SAS/Descriptive Statistics

< SAS

List and describe your data

edit

Describe your data :

The proc contents returns the list and the type of all variables in the datasets.

 proc contents data= lib.data ;
 title "Describe the content of a database";
 run;

List your data in the output :

The proc print prints the data in the output window. The firstobs option gives the first line to be printed and the obs option the number of lines to print.

 proc print data= lib.data (firstobs=30 obs=40);
 title "Partial Listing";
 run;

Discrete Variables

edit
 proc freq data=lib_name.data_name;
 tables x1 x2 ;
 title "frequence table";
 run;
  • weight specify weights
 proc freq data=lib_name.data_name;
 weight extri;
 tables x1 / out=temp4 outexpect;
 run;

Contingency Tables

edit
 proc freq data=lib_name.data_name;
 tables x1*x2 ;
 title "contingency table";
 run;

Continuous Variables

edit

proc means presents descriptive statistics for each variable listed in the var statement or for each numeric variable in the data set if there is no var statement. Here are some of the keywords that can be used to tell SAS which statistics you wish to see.

  • n : count of non missing variables
  • sum : summation of the variable
  • range : largest value minus smallest value
  • mean : average
  • var : variance
  • stddev : standard deviation
 proc means data= libdata n sum range mean var stddev ;
 var x1 x2;
 run;

The class statement makes statistics for each group of the categorical variable in the class statement. The weights statement weights the observations.

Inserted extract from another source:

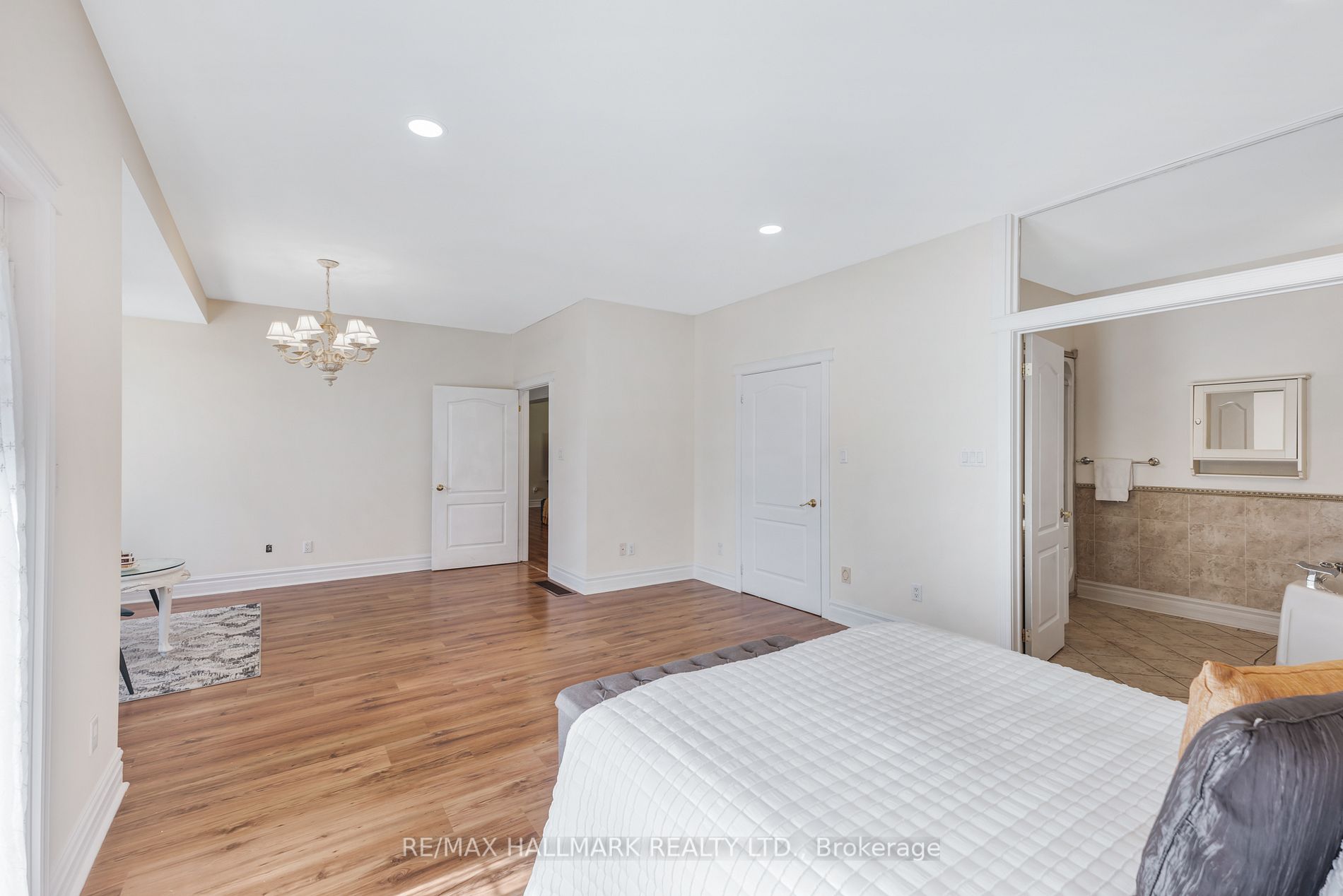 433 KING Street E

 proc means data=lib_name.data_name;
 var x1 x2;
 class sexe;
 weight extri;
 run;

The proc univariate gives more options. It also returns the quantiles. There is also an histogram statement which can be useful.

 proc univariate data=lib_name.data_name;
 var x1;
 histogram / normal(color=red mu=0 sigma=0.045) kernel(color=blue);
 title "Proc Univariate";
 run;

Kernel and Histograms

edit

If you want to do a kernel or an histogram, you can use proc univariate with the histogram statement or the proc capability.

 proc univariate data=lib_name.data_name;
 var x1;
 histogram / normal(color=red mu=0 sigma=0.045) kernel(color=blue);
 title "Proc Univariate";
 run;

Proc capability :

 proc capability data=lib_name.data_name;
 histogram x1 / normal(color=red mu=0 sigma=0.045)
 kernel(color=blue);
 title "Proc Capability";
 run;


Correlations and scatterplots

edit
 proc corr data=lib_name.data_name;
 var x1 x2 x3;
 weight extri;
 title3 "Linear correlation";
 run;

T Test

edit

The following code test the assumption that the expected value of variable x in the dataset taille is 1.75.

proc ttest data = taille h0=1.75 alpha=0.05;
var x;
run;